O intenso e eterno sabor doce que têm os dias de todos os sonhos
Nas
muitas vezes que as obrigações profissionais me levam ao Hospital de Santa
Maria, não resisto nunca a olhar para a Faculdade onde entre 1984 e 1989 me fiz
farmacêutico.
O
“desenvolvimento” implantou betão no espaço que então era ocupado pelas árvores
de generosas copas que foram nossas cúmplices nesse tempo em que o microondas
do bar de Medicina Dentária, por ser o único na região, era uma atracção que
motivava verdadeiras peregrinações em busca de um folhado aquecido; o Professor
Nascimento lançou uma campanha para que cada um de nós adoptasse um buraco do
asfalto e assim melhor pudéssemos circular entre o Anfiteatro, o “Supositório”,
o “Galinheiro” e o “Castelinho”; as senhoras da biblioteca eram insuportáveis
com o seu “meninas pouco barulho”; o Sr.
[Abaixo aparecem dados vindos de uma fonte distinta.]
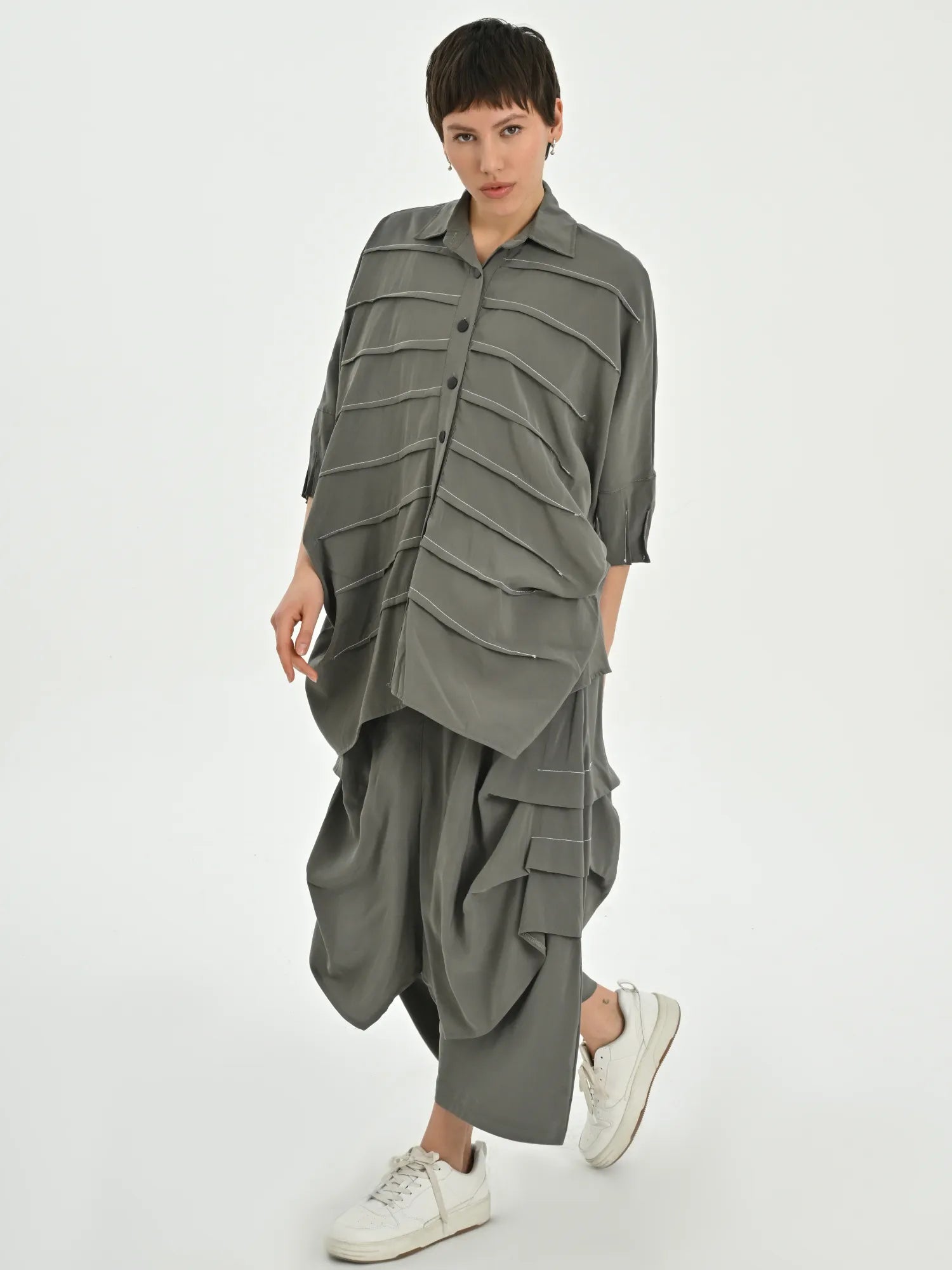 Bluse von Les Mios aus Baumwolle, 7005, Grün, Schick, Modern, Bequem, Schick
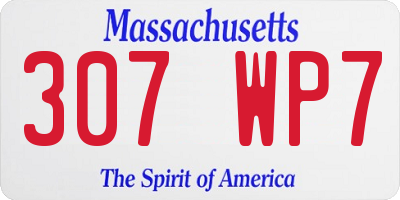 MA license plate 307WP7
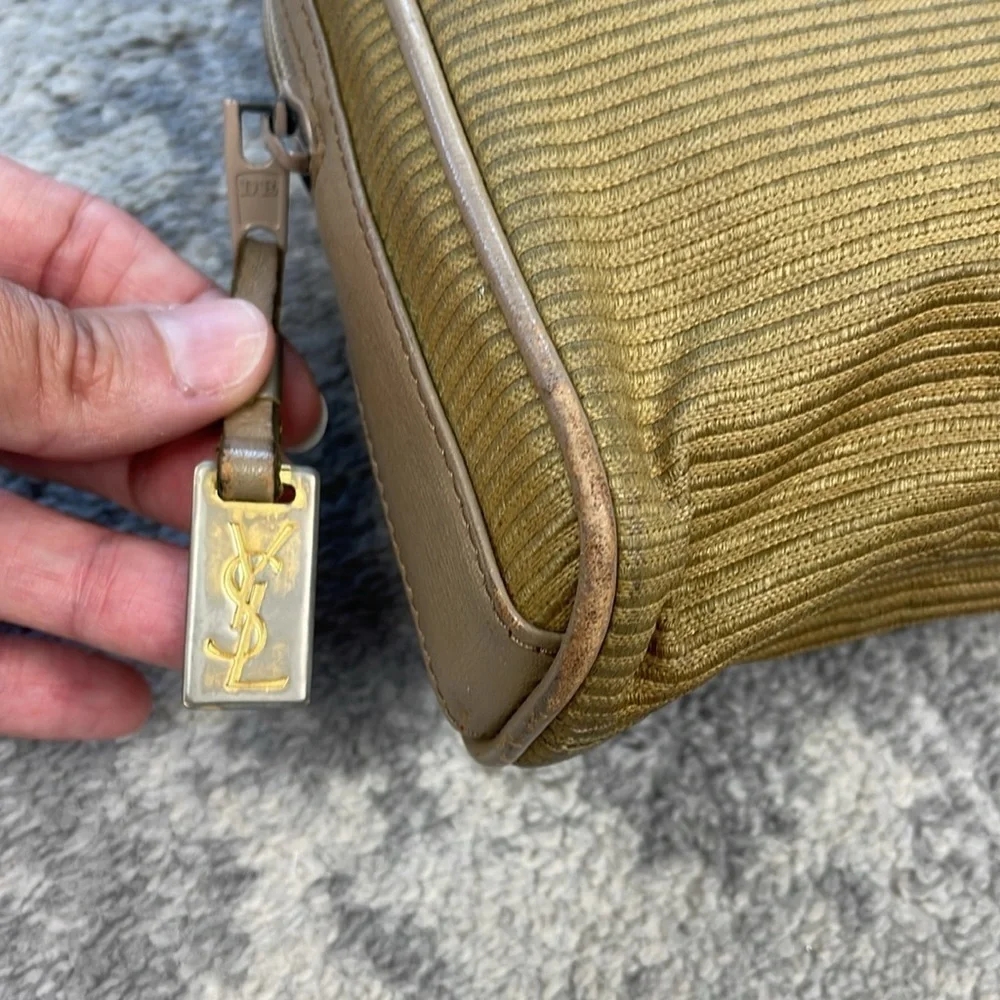 Vintage YSL Yves Saint Laurent Zip Pouch Clutch Toiletry Case Bag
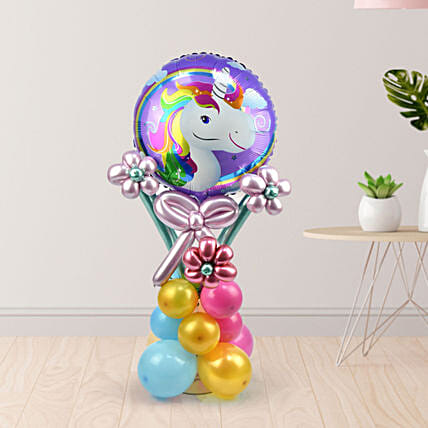 Unicorn Balloon Flowers Pillar: Helium Balloons Delivery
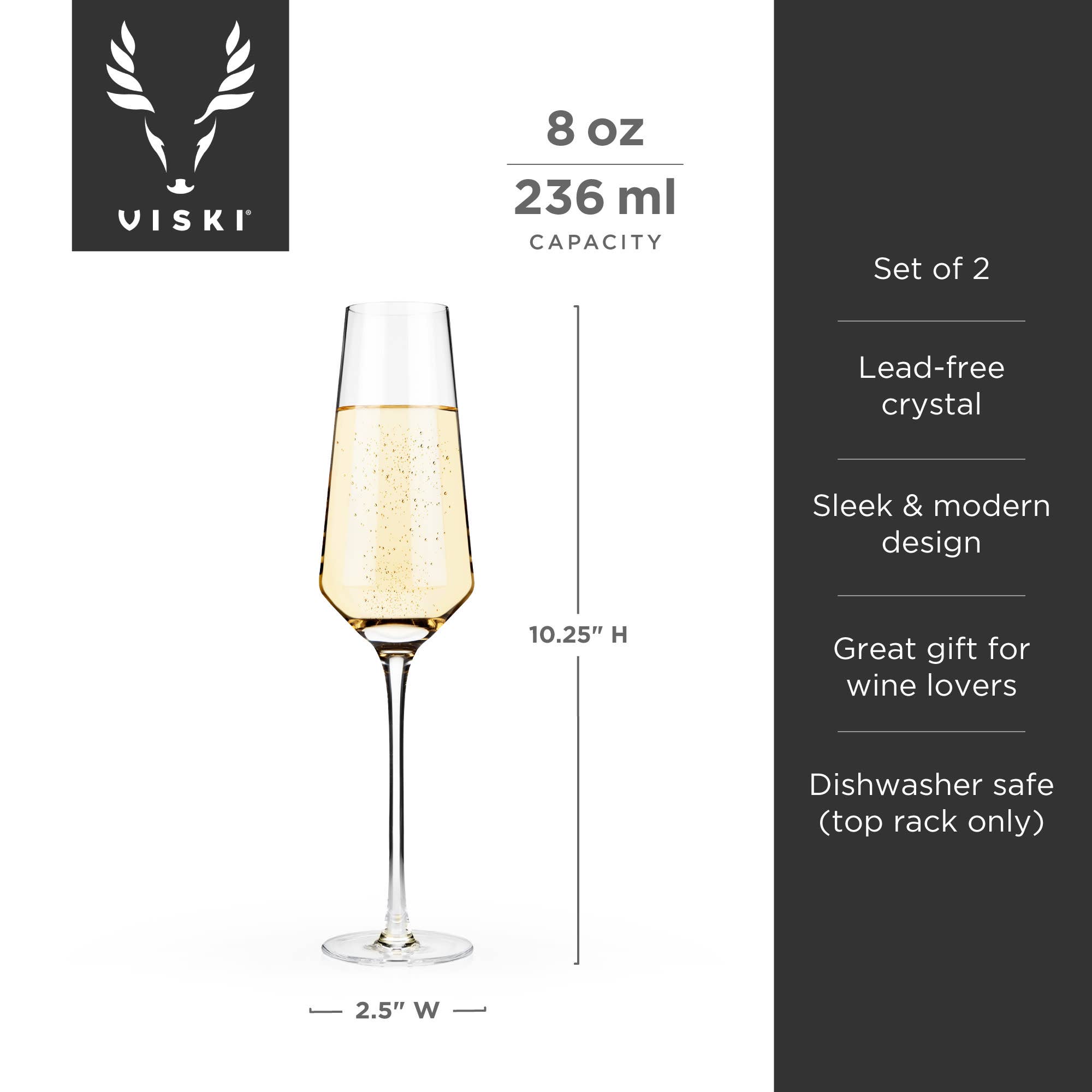Raye™ Angled Crystal Champagne Flutes Set of 2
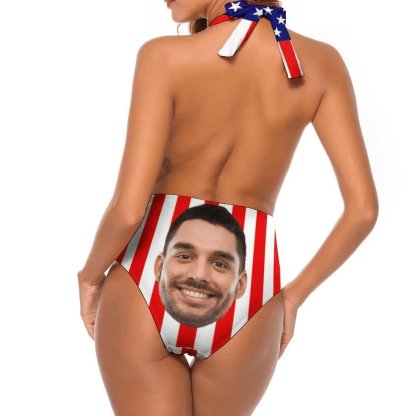 Custom Couple Matching Beach Shorts&One Piece Bathing Suit Custom Face You USA Flag Personalized Photo Men's Quick-drying Beach Shorts - YesCustom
Samju era o rei das fotocópias; fazíamos
batons nas mesmas formas metálicas que serviam para fazer supositórios; ir ao
ISCTE era o Top da Modernidade pela possibilidade de nos cruzarmos com o Miguel
Esteves Cardoso; o almoço decidia-se entre a Cantina Nova e a Velha, com esta
última a ser mais atractiva pela possibilidade de uma refeição macrobiótica; a
Teresa Salgueiro já afinava a voz para cantar uma Lisboa moderna que nós
encontrávamos à noite passeando nas vielas até aqui quase proibidas do Bairro
Alto; o Metro só ia até Entrecampos e nós conversávamos muito enquanto descíamos
ou subíamos a Avenida das Forças Armadas, ousando parar por vezes para um café
com natas na geladaria Pindô…
E
um tempo em que saboreámos desse prazer imenso e doce que tem sempre a partilha
dos nossos maiores e melhores sonhos.
A
liberdade não tinha chegado há muito, a “Europa” estava a chegar, e tudo
parecia rimar com essa vontade férrea que não via limites no impulso de mudar o
mundo e construir algo de magnífico sobre a herança brilhante que os nossos
pais, os reais inventores da liberdade, nos passavam diariamente.
Sentíamos
força para acreditar que por nós nada ficaria igual e tudo ficaria
infinitamente melhor.
Até
porque havia essa amizade grande que nos ligava, que a todos tornava mais fortes
e que a todos acolhia num espaço de família porque feito de intensos afectos.
Passaram-se
décadas sobre esses anos que a vida nos vai mostrando que foram dos melhores
das nossas vidas, vamos aqui e ali encontrando esses colegas que as
cumplicidades fizeram amigos e vamo-nos certificando nesses encontros do ponto
em que vai a tarefa de “mudar o mundo”.
Reencontrei
a Cristina há algum tempo quando as nossas duas empresas nos envolveram num
projecto comum. Fizemos uma festa pela alegria de nos voltarmos a ver e
sobretudo por nos certificarmos de que a “nossa energia genética” continuava
activa neste cumprir dos dias e torná-los intensamente felizes.
Mostrou-me
orgulhosa a foto dos seus quatro filhos rapazes e de como lhes estava a passar essa
herança e esse gosto pelos sonhos que por certo perdurariam no tempo.
E
passava-lhes também a garra e a força pela forma como lutava intensamente contra
um problema de saúde que poderia ser grave e que já estava presente e algo visível,
talvez em tudo, excepto nesse sorriso que se exprime pelo olhar muito mais do
que pelos lábios.
Soube
hoje de manhã que a Cristina partiu ontem exactamente no dia em que cumpria o
seu 47º aniversário, a minha idade, a nossa idade.
O
seu sorriso não morrerá jamais e brilhará para mim por entre as memórias dos
nossos sonhos quando eu passar pela Cidade Universitária e continuar a ver as
árvores das sombras cúmplices desses anos em que ousámos ser jovens diferentes.
Continuará
viva sobretudo na vida dos seus quatro “rapazes” que ainda há pouco tempo no
Facebook designou como os seus braços direitos e esquerdos, e, digo eu, quem
diz braços diz um enorme coração.
E
brilhará com a intensidade que no céu sempre têm as estrelas mais importantes.
Nós
continuaremos por cá e por sobre a saudade, a construir os dias dos sonhos e do
querer, sabendo que um dia iremos todos brilhar juntos, nesse momento em que
nos reencontrarmos para retomar a conversa e o riso que por agora só ficam
momentaneamente suspensos porque Deus insiste sempre em chamar para junto de si
os que são grandes, os que são verdadeiramente maiores.